Her daughter-in-law shoed us the kitchen/cooking room. 

Dung
took us to the fish farm and showed us the different sea creatures they collect
to sell to local families and businesses. We saw a man mending his nylon net.
Some children/vendors came by in a small boat. They sold two shells to one of
our group then wanted them back. As a compromise, she gave them one and kept one.


Our
next rip was on the local ferry. Right now it is the only way to get from the
tourist side of the city to the area where most of the locals live. Looming over
the ferries is the new suspension bridge under construction - due to open in July.
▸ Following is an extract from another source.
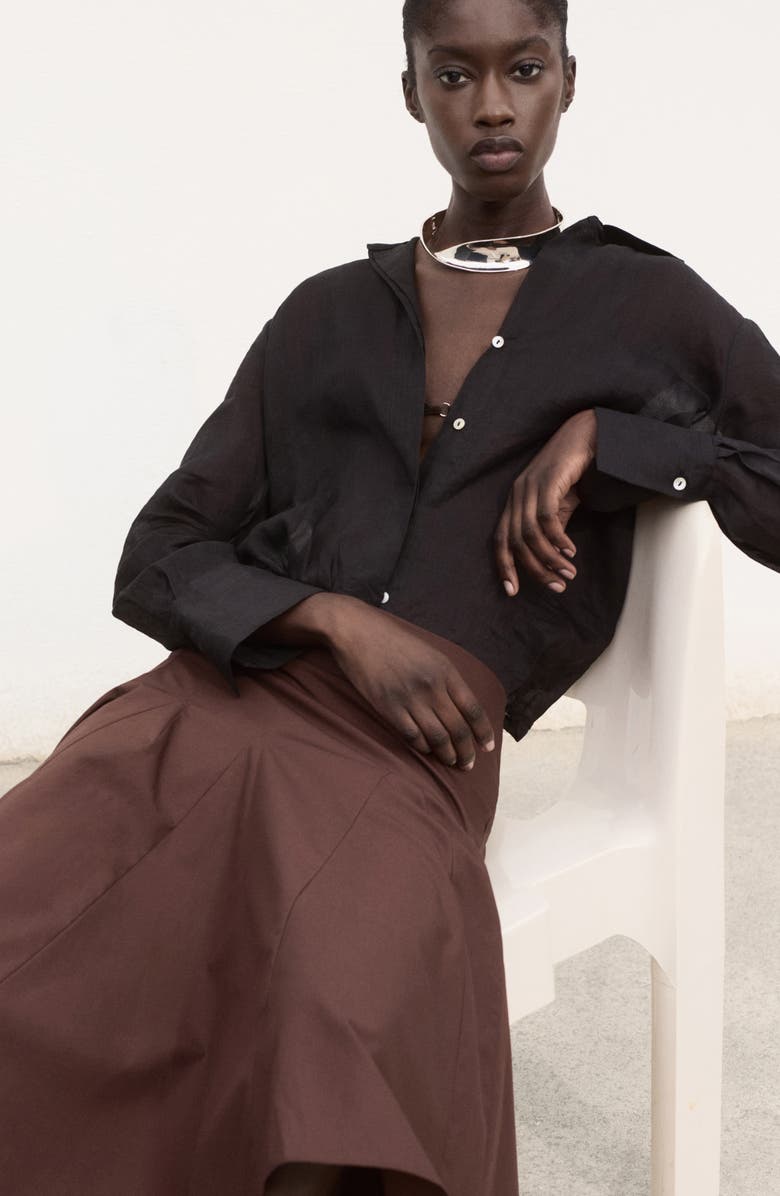 MANGO Pleat Midi Skirt, Alternate, color, Brown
The ferry was very efficient and carried all sorts of vehicles, so its fate was
undetermined at the time. It was great fun being part of the bustling local scene. 

From
the ferry we took a van ride up to the top of the city and looked down on the
seaside. There were six-story hotels with no elevators. These places are popular
with the Vietnamese who vacation here in the summer. The big seaside places are
used by the foreign tourists who come during the winter-spring season. I spent
my free time catching up on my journal and making a "Spirit of Flat Stanley"
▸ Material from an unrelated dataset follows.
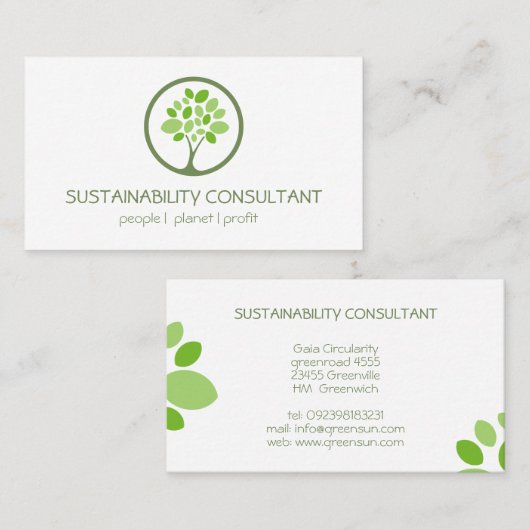 Carte De Visite Consultant en matière de développement durable du  (Devant / Derrière)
doll to replace the one I had lost. It made me feel only a little better. 
In
the evening Dung took us to a traditional Vietnamese restaurant for a delicious
fondu-type progressive soup. A wok full of hot broth boiled on a hot plate while
our waiter added a couple of ingredients and served then added a couple more and
served - until we were all satisfied. It was fun, delicious and different - a
discovery. March 28 (Tuesday) HaLong Bay to Hanoi By 8:30 a.m. we
were on the road with the horn-honking Vietnamese. No one seemed upset. They were
just driving along honking their horns for no apparent reason. One of our
bus lessons was about how the houses here a built. They used to be made of brick
with a mortar mad of lime and sand. Nowadays they cover the brick with concrete
to waterproof them. Brick houses are the most comfortable especially in the hot
weather. All floors are tile. The Vietnamese flag is red with a yellow lone
star. The red represents the blood of the soldiers, the yellow the yellow people.
The five points on the star represent the five continents (America, Asia, Africa,
Europe and Australia). We stopped to observe some "buffalo boys"
who were riding their water buffalos out in the field. They came up to our van.
In talking with Dung one explained that they control the animals by putting stones
in their noses. I didn't understand how that worked. One thing we had noticed
here and in other countries were the tremendous loads the people can carry on
their motor bikes as well as their regular bikes. One man had four very large
live pigs strapped to the sides of his motor bike. A woman was riding her regular
bike with four 8-foot ladders attached. 
Further
on down the road we stopped to take a walk through a farming village. We came
upon a family have a death ceremony for their mother who had died about four years
ago. (The Vietnamese celebrate death days rather than birthdays.) The adults were
in their 60s. They eagerly invited us to join them. Once inside the house they
showed us pictures of two brothers who had fought in the American War in South
Viet Nam. One was buried in a cemetery in the Central Highlands of South Viet
Nam. The other was missing in action. They welcomed us like old friends and invited
us to share tea. With Dung as interpreter, the outgoing spokesman for their group
told us that we were the first Americans any of them had ever met. He told us
how wonderful it is that our countries are becoming friends and Viet Nam is recovering
from the war. One of the men in our group explained that he had been in the service
at that time but had never left the States. The two men hugged. It was all very
moving and healing. 
Overall
the village seemed to be on the upswing with new roads and new houses. Dung explained
that in North Viet Nam farmers live in villages like this and go into their fields
to work then return to the village at night. In South Viet Nam the farmers live
far apart each on their own farms - like in America. I asked Dung how Buddhism
and Communism are getting along these days. He told a story of his uncle who is
in the military and also a fortune teller in the Buddhist tradition. Early on
the Communists labeled all religions and spiritual philosophies "superstitions"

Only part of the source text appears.